## Required action
Repeat exactly, and only, the lines of the entries below from the one with "Gustave Courbet Zedign" through the one with "General Purpose Band", both ends included.

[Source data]
◆ ◆ ◆ ◆
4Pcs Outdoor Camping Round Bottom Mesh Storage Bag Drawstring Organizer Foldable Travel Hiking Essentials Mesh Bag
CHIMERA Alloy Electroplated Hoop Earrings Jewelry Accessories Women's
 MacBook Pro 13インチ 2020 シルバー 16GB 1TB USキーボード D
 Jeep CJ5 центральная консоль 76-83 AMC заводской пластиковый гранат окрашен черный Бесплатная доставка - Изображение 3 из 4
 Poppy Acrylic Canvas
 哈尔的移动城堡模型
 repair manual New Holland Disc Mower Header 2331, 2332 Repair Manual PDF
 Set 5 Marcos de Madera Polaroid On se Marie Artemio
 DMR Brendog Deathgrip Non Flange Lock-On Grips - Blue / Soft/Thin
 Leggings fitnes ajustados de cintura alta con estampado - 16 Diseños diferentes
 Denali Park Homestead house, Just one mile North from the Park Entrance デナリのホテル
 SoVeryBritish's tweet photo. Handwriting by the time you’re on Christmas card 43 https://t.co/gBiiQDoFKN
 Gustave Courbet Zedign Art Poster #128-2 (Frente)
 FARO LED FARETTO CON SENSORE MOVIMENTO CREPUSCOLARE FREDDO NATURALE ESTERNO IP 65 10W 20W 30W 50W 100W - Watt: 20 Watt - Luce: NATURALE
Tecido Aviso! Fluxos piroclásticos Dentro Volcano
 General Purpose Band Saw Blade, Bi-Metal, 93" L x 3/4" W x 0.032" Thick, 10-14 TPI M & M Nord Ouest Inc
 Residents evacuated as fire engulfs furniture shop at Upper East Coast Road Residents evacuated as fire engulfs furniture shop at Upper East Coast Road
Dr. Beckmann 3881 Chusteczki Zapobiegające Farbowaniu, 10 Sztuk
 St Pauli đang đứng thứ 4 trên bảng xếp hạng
◆ ◆ ◆ ◆
## Output for this exercise
 Gustave Courbet Zedign Art Poster #128-2 (Frente)
 FARO LED FARETTO CON SENSORE MOVIMENTO CREPUSCOLARE FREDDO NATURALE ESTERNO IP 65 10W 20W 30W 50W 100W - Watt: 20 Watt - Luce: NATURALE
Tecido Aviso! Fluxos piroclásticos Dentro Volcano
 General Purpose Band Saw Blade, Bi-Metal, 93" L x 3/4" W x 0.032" Thick, 10-14 TPI M & M Nord Ouest Inc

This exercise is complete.